Louis’s deepest sense of himself is that he does not fit in. Embarrassed as a child by his Australian accent and by his poorer background, Louis becomes an ambitious striver, eager to make his mark and to shed his status as an outsider. He becomes keenly aware of social distinctions and is drawn to Rhoda from the beginning, seeing her as a fellow misfit. At school, Louis discovers poetry and sees the tradition of literature as a kind of society open to those with enough genius and drive to gain admittance. From that point, his ambitions include becoming a great poet. But Louis does not go to college along with Neville and Bernard. Instead, he takes a job with a shipping firm in London, and from that time on, he leads a sort of double life. As he sits in a greasy-spoon diner, Louis’s attention is split between the book of poems he reads and the gossiping crowd around him. Later, he rises in the company and become a distinguished businessman, while still retaining his poetic ambition and his attraction to the seamy side of life.

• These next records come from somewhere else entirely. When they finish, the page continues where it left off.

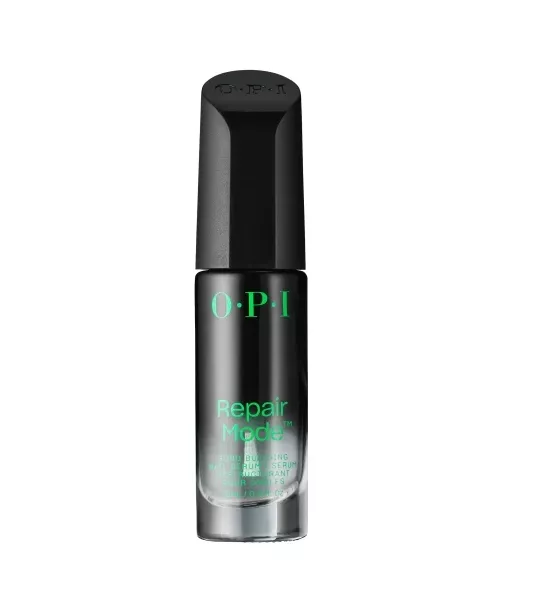 Repair Mode™ nail serum, OPI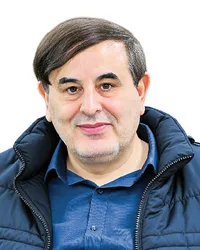 مسجد وقتی پایگاه رشد می‌شود که نیاز‌های نسل جدید را بشناسد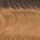 #Ginger Snap Ultra Seamless Tape In Extensions — Value Grade
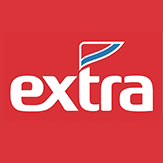extra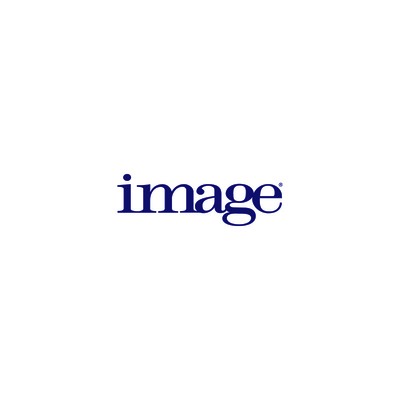 Logo IMAGE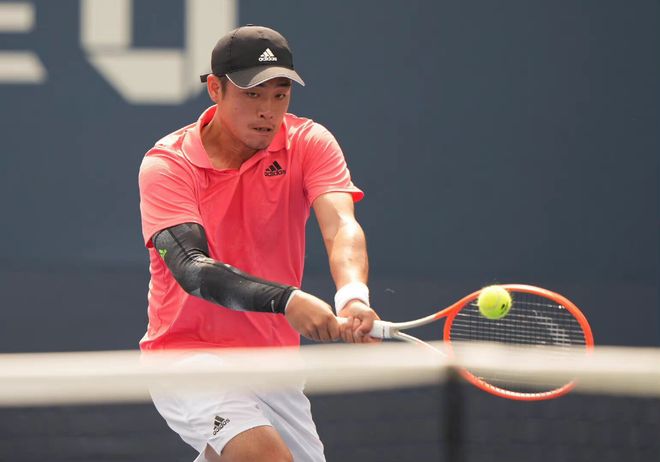 础设施的修 础设施的修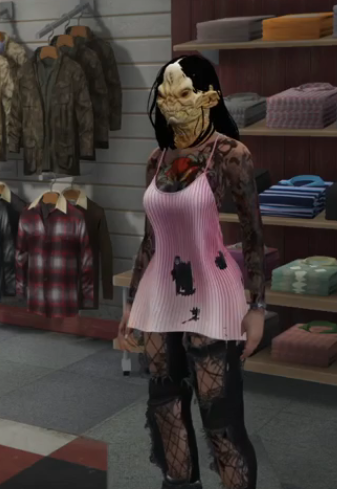 Jaspy /Cryptid Prince🔮🥽🎫🪲 tweet media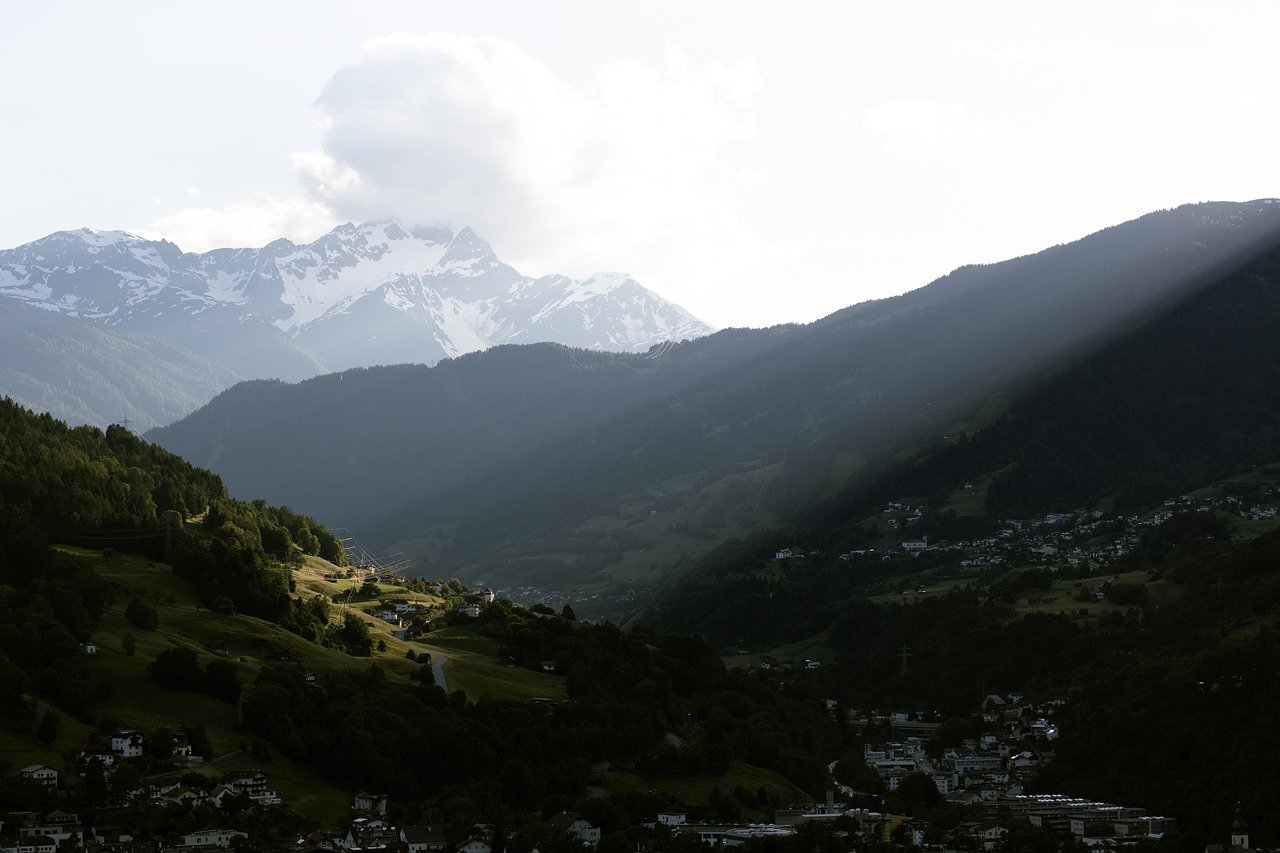 Overview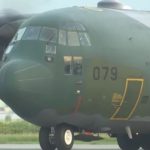 アフガン在住の邦人達が現地残留を強く希望して自衛隊輸送機への搭乗を拒否した模様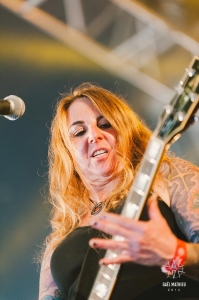 Lori-Acid-King-Hellfest-2014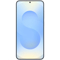Samsung Galaxy S25 Plus Icy Blue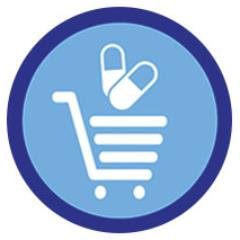 KosherVitamin's profile picture. At https://t.co/MsTAyyW3mr, you’ll find an extensive selection of Kosher vitamins and supplements at outstanding prices.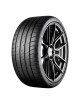 Anvelopa VARA FIRESTONE FIREHAWK SPORT 225/40R18 92Y XL  [2]  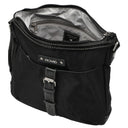 Picard Sonja - Umhängetasche 23 cm (schwarz) - Ansicht 6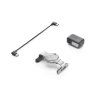 DJI OM 7 Series Tracking Kit 22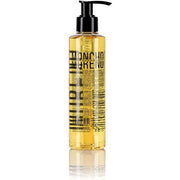 Moncho Moreno Shine On Me Anti-Frizz Hair Repair Oil 200ml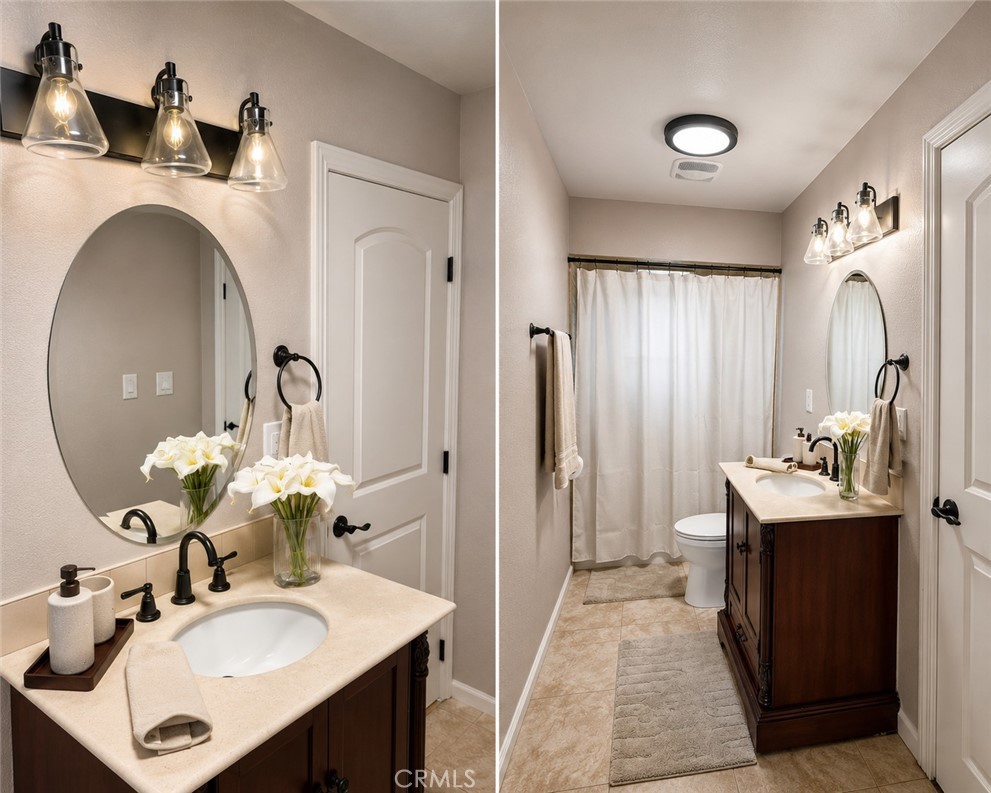 1339 24th Property Photo 53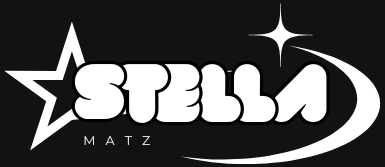 StellaMatZ™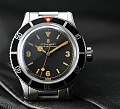 Нажмите на изображение для увеличения
Название: 3-sv1b.jpg
Просмотров: 1998
Размер:	40.1 Кб
ID:	580579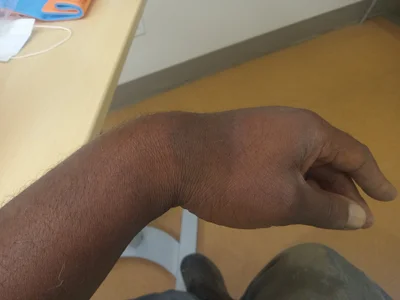 OldErotica: Random Images ( 2 фото)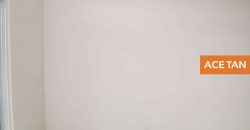 Havona Condo Luxury @ Austin – SALE Havona Condo Luxury @ Austin – SALE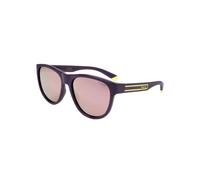 Polaroid occhiali da sole unisex PLD 2156/S dark purple 1 St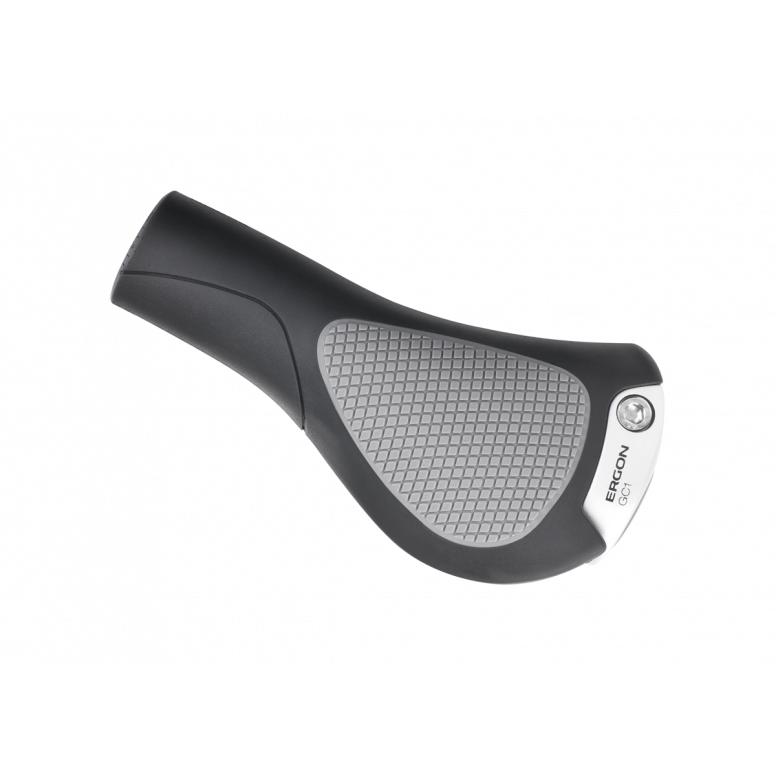 GC1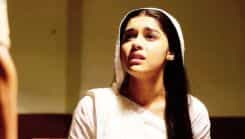 Ishq Ka Rang Safed - Episode 141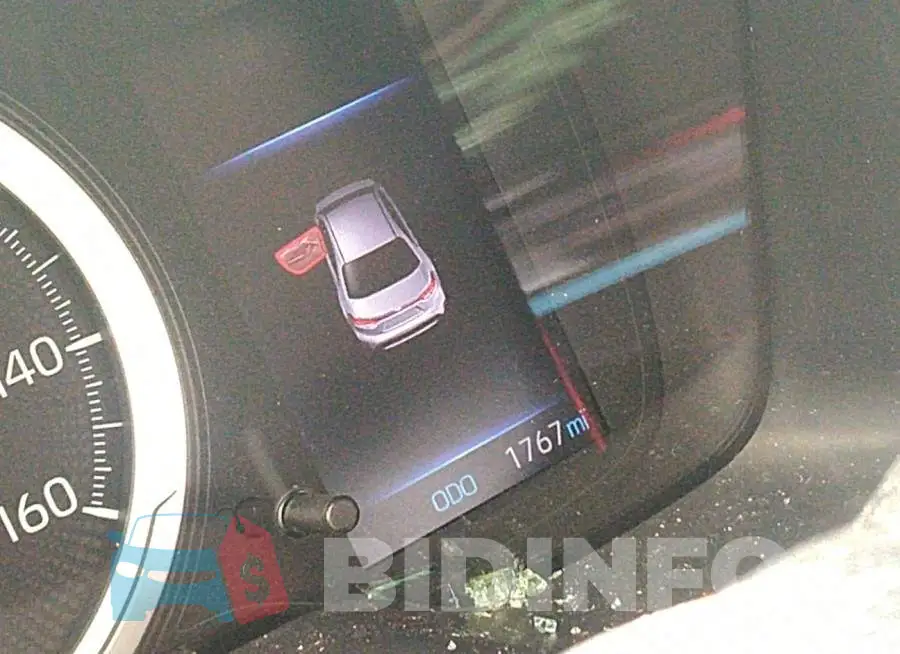 JTDEPMAE7N3012896 Photo# 7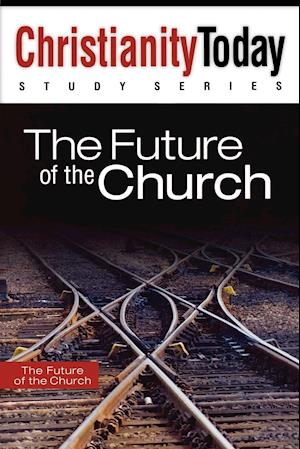 The Future of Church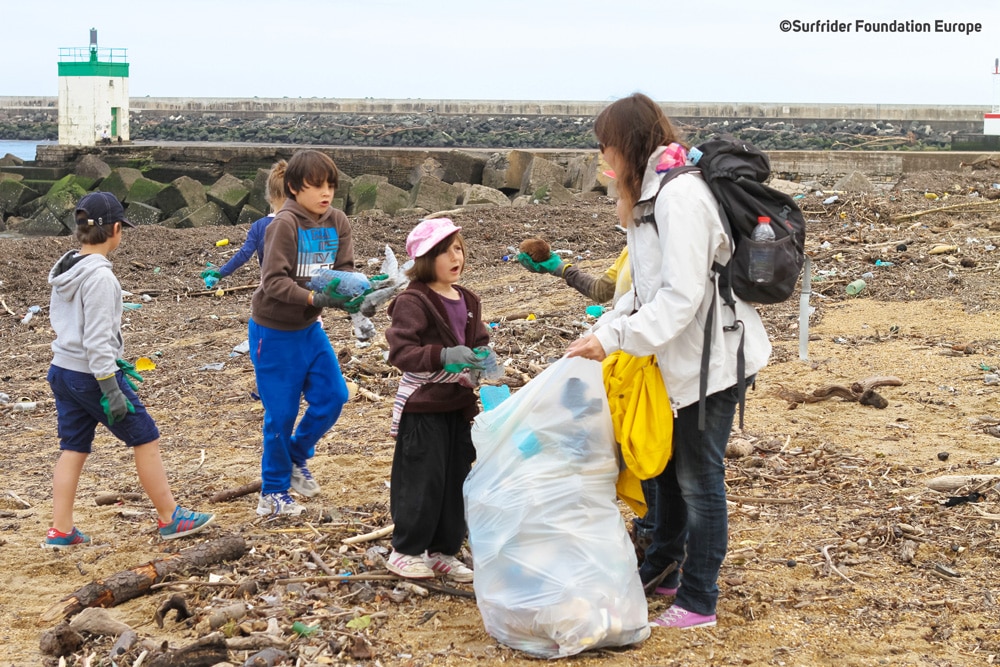 OceanInitiatives11_@surfridereurope OceanInitiatives11 @surfridereurope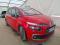 preview Citroen Grand C4 Picasso / SpaceTourer #3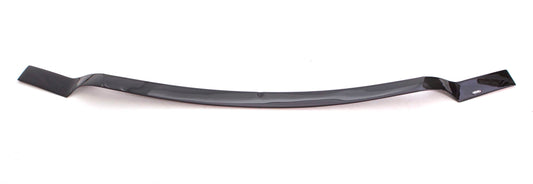 NEW AEROSKIN ACRYLIC HOODPROTECTOR - AVS# 322067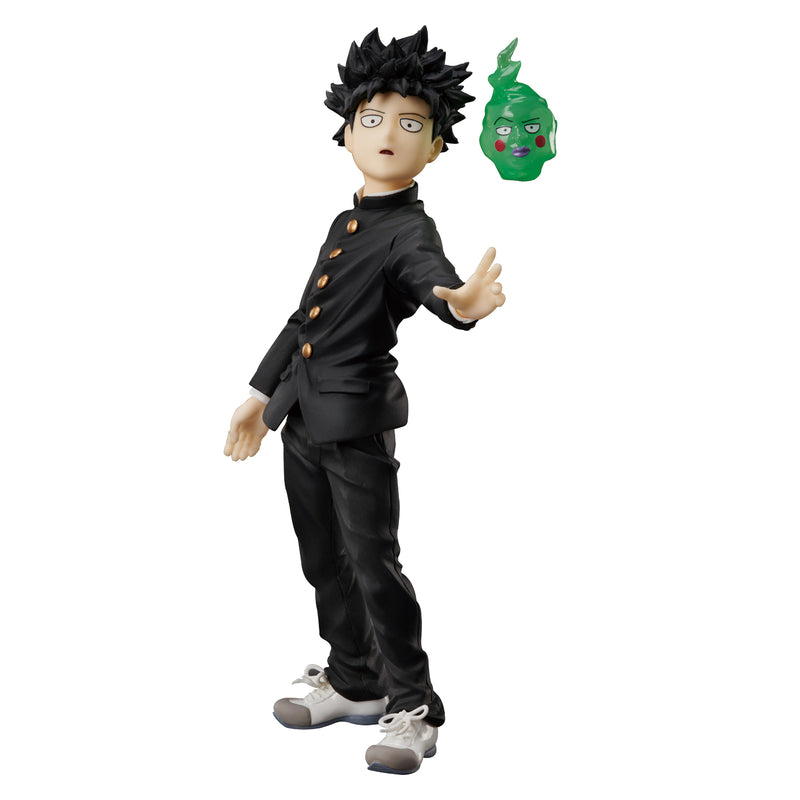 Mob Psycho 100 III Union Creative Kageyama Shigeo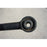 Tirante Trasero Izquierdo Central Para Dodge Journey 2011, 2012, 2013, 2014, 2015, 2016, 2017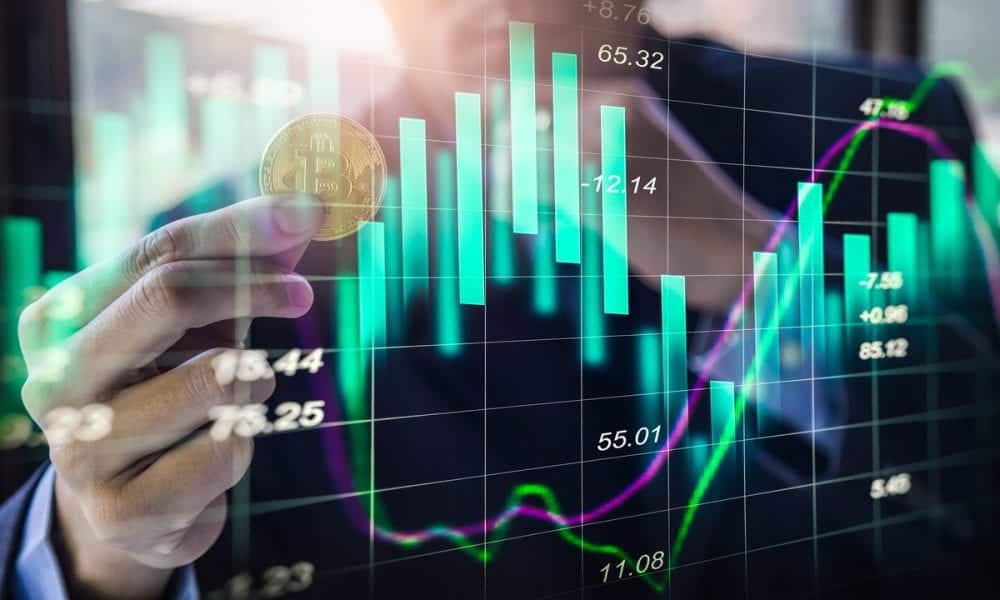 CTRPRO Publishes 2025 Roadmap: Innovation, Speed, and Profitability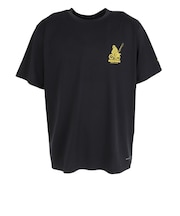 コロンビア（Columbia）半袖 Tシャツ シダートレイルバックグラフィック AJ3185 013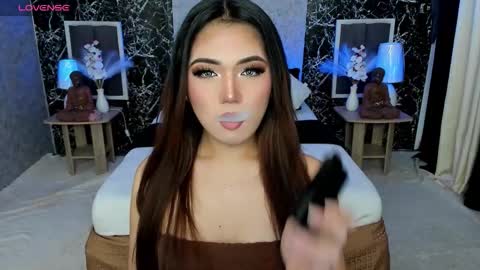 Bella online show from September 26, 8:33 am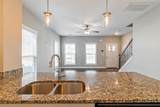 2818 Sonoma Way - Photo 15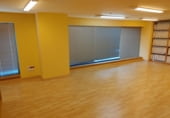 349m² commercial premises for sale in A Coruña, Santa Margarita-Los Puentes photo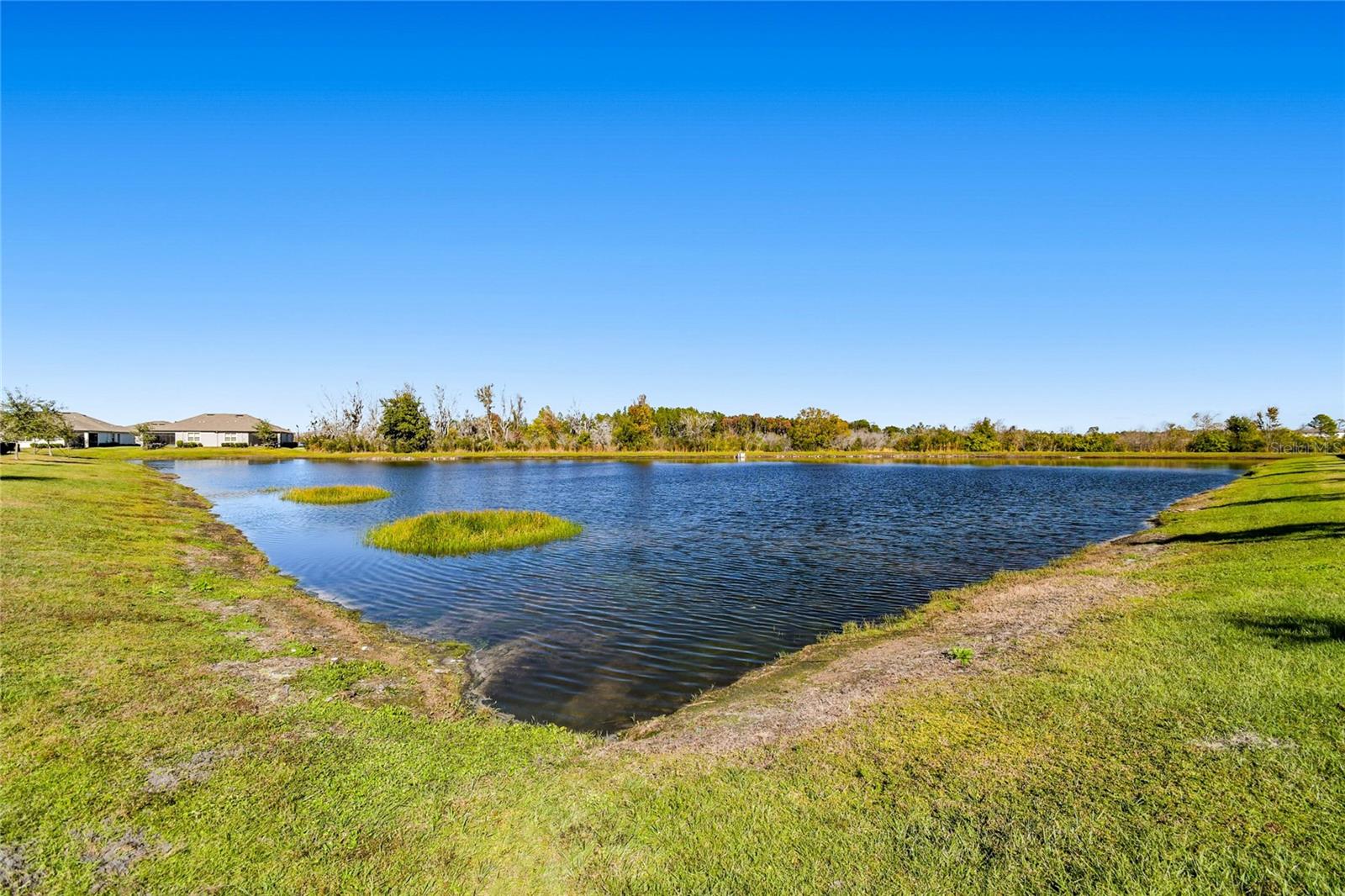 CONNERTON VILLAGE 2 PRCL 219 - Residential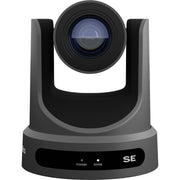 ptzoptics pt30x se gy g3 move se ptz camera 1681903901 1750542 ec2f416c 682a 4a19 944e da5b9a456963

Louis wants to unify the ideal realm of poetry with the hurly-burly of daily life—his idea of a poetic image is a mangy cat rubbing its side against a chimney. What Louis hopes to do by writing poems about such things is to reveal the permanent existence beneath the random flow of ordinary events. Louis’s project is somewhere between Jinny’s (submerging the self in life’s flow, without imposing concepts on it) and Neville’s (living a life of artistic isolation from everyday life). Woolf seems to be sympathetic to this plan, which has a certain resemblance to her own, but it remains unclear how well Louis is able to realize it. He seems compromised by his materialistic desire for success in business and his attraction to the tawdry. Louis and Rhoda become lovers for a time, but Louis is unable to forge a lasting connection there as well.